In this example, if #2 reads 1, according to [atomics.order] p10

Atomic read-modify-write operations shall always read the last value (in the modification order) written before the write associated with the read-modify-write operation.

#3 must follow #2 in the modification order of value. Because their memory orders are acq_rel, #2 must happens-before #3, so the visibility of #1 to #4 is now guaranteed by the happens-before. Similarly, for other cases, #4 can either read 0 or #1. IIUC, these two programs are functionally equivalent in observable behaviors.

This first snippet of code is simplified from the EBR algorithm(i.e., Epoch-Based Reclamation). #3 emulates the operation that updates the pointer, the core idea is that, if #2 reads the old pointer value, it must precede #3 in the single total order, so #1 also precedes #4 in the single total order; therefore, #4 must see #1 to check whether the reader's epoch is the current one.

If we only consider the correctness of implementing the core idea, can I change the memory order seq_cst to acq_rel by changing the corresponding operations to those in the second example?

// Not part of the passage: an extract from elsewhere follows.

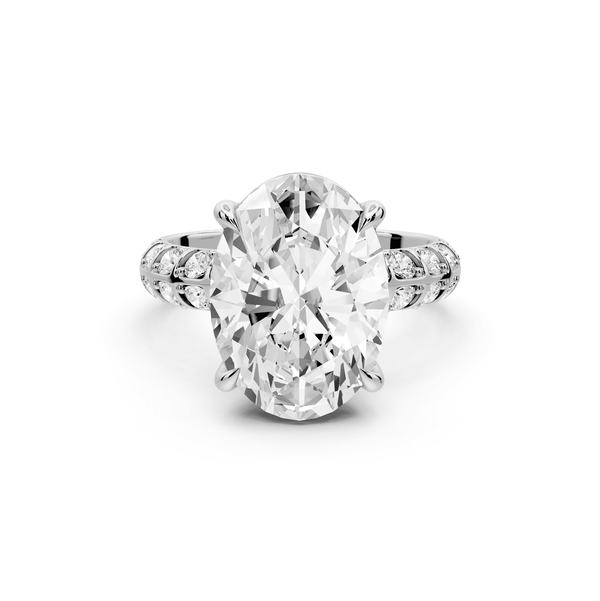 Jessica - 5ct 14k white gold Oval Split-Shank Engagement Ring with Double-Row Shared-Prong Pavé Band - Mr. Alex Jewelry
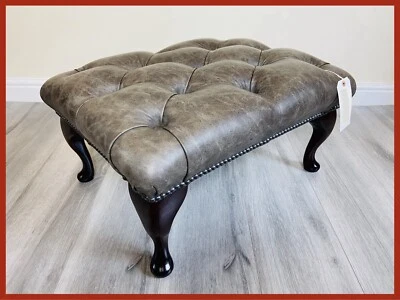 Chesterfield Buttoned Queen Anne Dark Grey Genuine Leather Footstool - Image 1 of 4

IIUC, they should have the same correctness; merely, the visibility of #1 is guaranteed by the single total order in the first example, and is guaranteed by happens-before in the second example.

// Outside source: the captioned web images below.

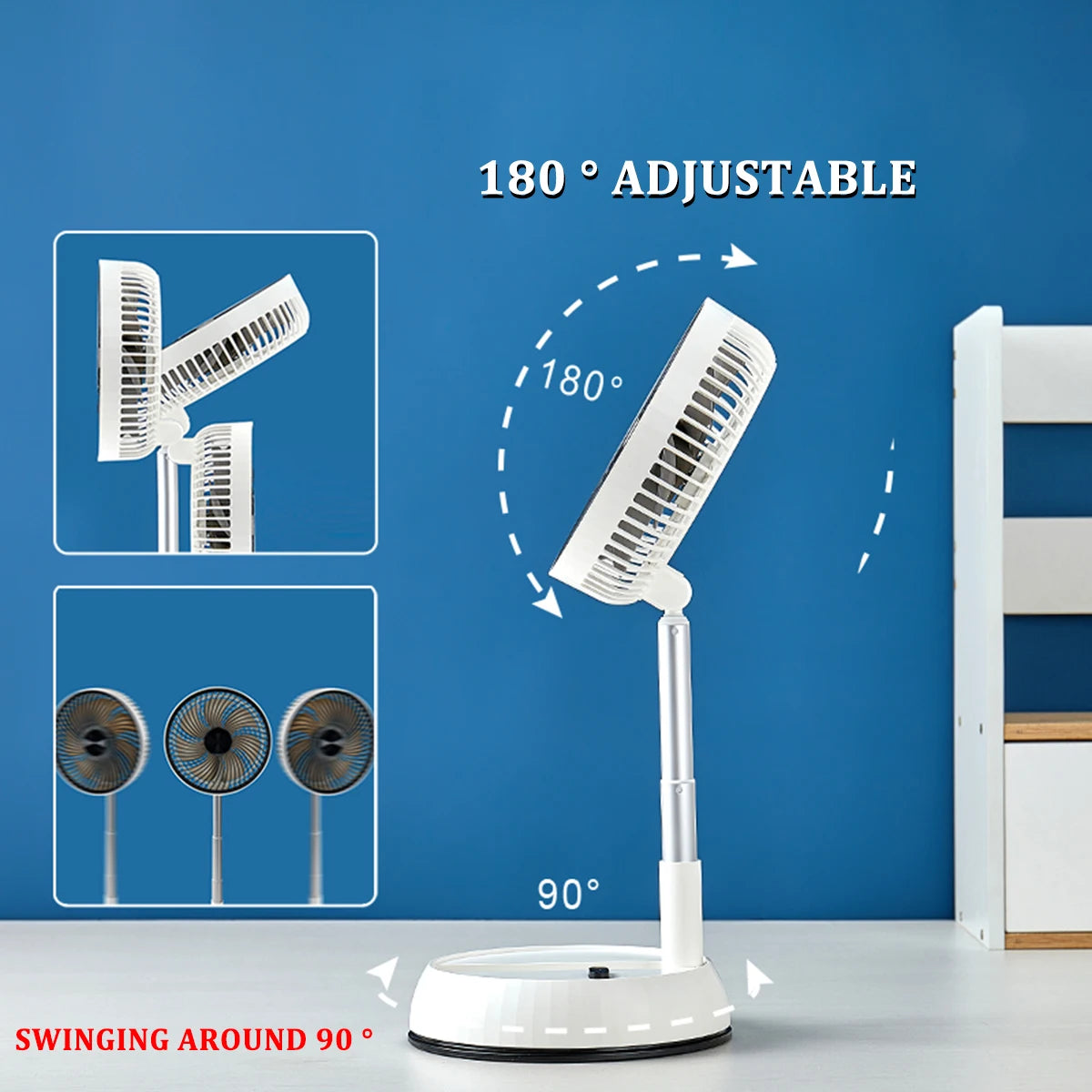 Portable WinniHouse air cooler fan with foldable design and remote control for adjustable cooling and airflow.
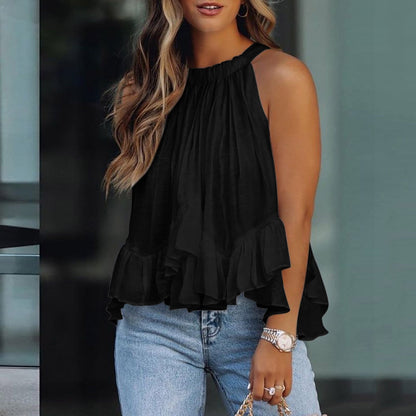 Summer Radiance Silk Ruffle Top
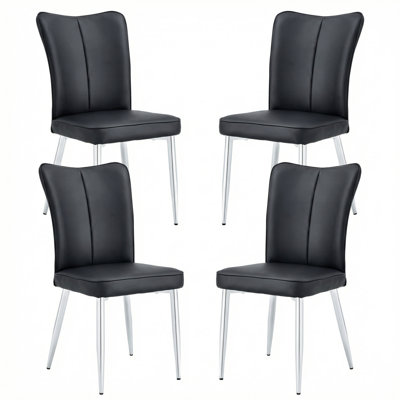 18" H Modern Ergonomic Faux Leather Dining Chairs with Metal Legs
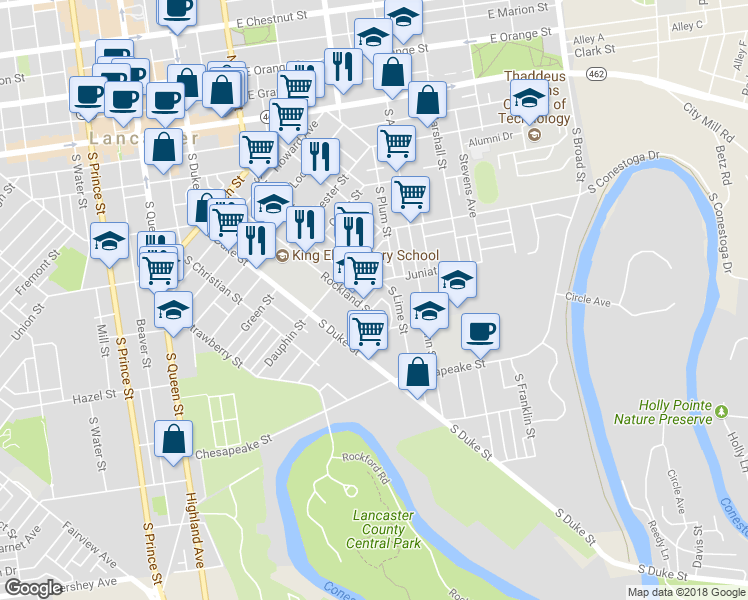 map of restaurants, bars, coffee shops, grocery stores, and more near 225 Juniata Street in Lancaster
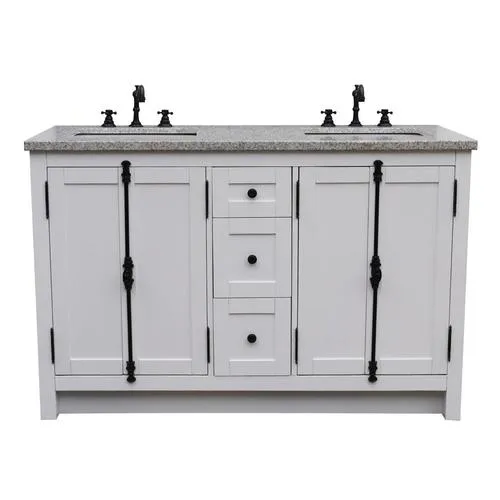 Bellaterra Home LV0100-55-GA-GY Double Vanity 55-in Glacier Ash Double Sink Bathroom Vanity with Gray Granite Top, photo 10 of 10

A pseudo-implementation of EBR for multiple readers and a single writer is as follows(to simply express the algorithm, the code here is written in C++):

#include <atomic>
#include <vector>
#include <iostream>

struct ThreadState {
    std::atomic<bool> active{false};
    std::atomic<uint64_t> local_epoch{0};
};

class EBRManager {
    std::atomic<uint64_t> global_epoch{0};
    ThreadState thread_states[8]; 
    
    // Bag[0], Bag[1], Bag[2]
    std::vector<void*> garbage_bags[3];

public:

    void reader_enter(int tid) {
        thread_states[tid].active.store(true, std::memory_order_seq_cst);
        uint64_t g = global_epoch.load(std::memory_order_seq_cst);
        thread_states[tid].local_epoch.store(g, std::memory_order_seq_cst);
    }

    void reader_exit(int tid) {
        thread_states[tid].active.store(false, std::memory_order_seq_cst);
    }

    
    void retire(void* old_ptr) {
        uint64_t g = global_epoch.load(std::memory_order_relaxed);
        garbage_bags[g].push_back(old_ptr);
        try_collect();
    }

    void try_collect() {
        uint64_t curr_g = global_epoch.load(std::memory_order_seq_cst);

        for (int i = 0; i < 8; ++i) {
            if (thread_states[i].active.load(std::memory_order_seq_cst)) {
                if (thread_states[i].local_epoch.load(std::memory_order_seq_cst) != curr_g) {
                    return; 
                }
            }
        }


        uint64_t next_g = (curr_g + 1) % 3;
        

        uint64_t safe_g = (next_g + 1) % 3; 
        clear_bag(safe_g);

        global_epoch.store(next_g, std::memory_order_seq_cst);
    }

    void clear_bag(int index) {
        for (void* ptr : garbage_bags[index]) {
            free(ptr); 
        }
        garbage_bags[index].clear();
    }
};

struct Data {
    int value;
};

std::atomic<Data*> global_ptr{new Data{100}};
EBRManager ebr;

void writer_thread_update(int new_value) {
   Data* newData = new Data{new_value};
   Data* oldData = global_ptr.exchange(newData, std::memory_order_seq_cst);
   if (oldData != nullptr) {
      ebr.retire(oldData); 
   }
}

void reader_thread(int tid) {
   ebr.reader_enter(tid);
   Data* p = global_ptr.load(std::memory_order_seq_cst);
   ebr.reader_exit(tid);
}

My approach to proof:

As shown in the graph, we don't need to care about what the value of epoch at #1 reads; we can assume that the value is C. Assuming the operation value.fetch_add(0,std::memory_order::acq_rel) at #2 reads the pointer value Px, we also don't need to care about what the writer does before, because the pointer value Px can only potentially be reclaimed after it is swapped out. So, we assume there exists a writer that executes an exchange operation that writes new_pointer and swaps out Px, because of the release sequence, this means, for any reader who reads the pointer value Px at #2 must synchronize with such a operation at #3 that swapped out Px and write new_pointer; therefore, its #1 must be visible to #4 of the writer. This is the core idea why I think fetch_add(0,acq_rel) can hold the same correctness as the first example does.

As shown in the picture, the epoch can at most be advanced once if the stored epoch of all readers reading Px equal G and the writer subsequently reclaims the pointer value saved in garbage[G-1]; anyway, Px was saved in garbage[G], the epoch cannot be advanced until all readers reading Px write false to active. This proof applies to any reader.

Is my understanding right? That said, the fetch_add with AcqRel memory order writing the same value in the reader can guarantee the same correctness as using load with SeqCst memory order in the reader, and all other operations are SeqCst.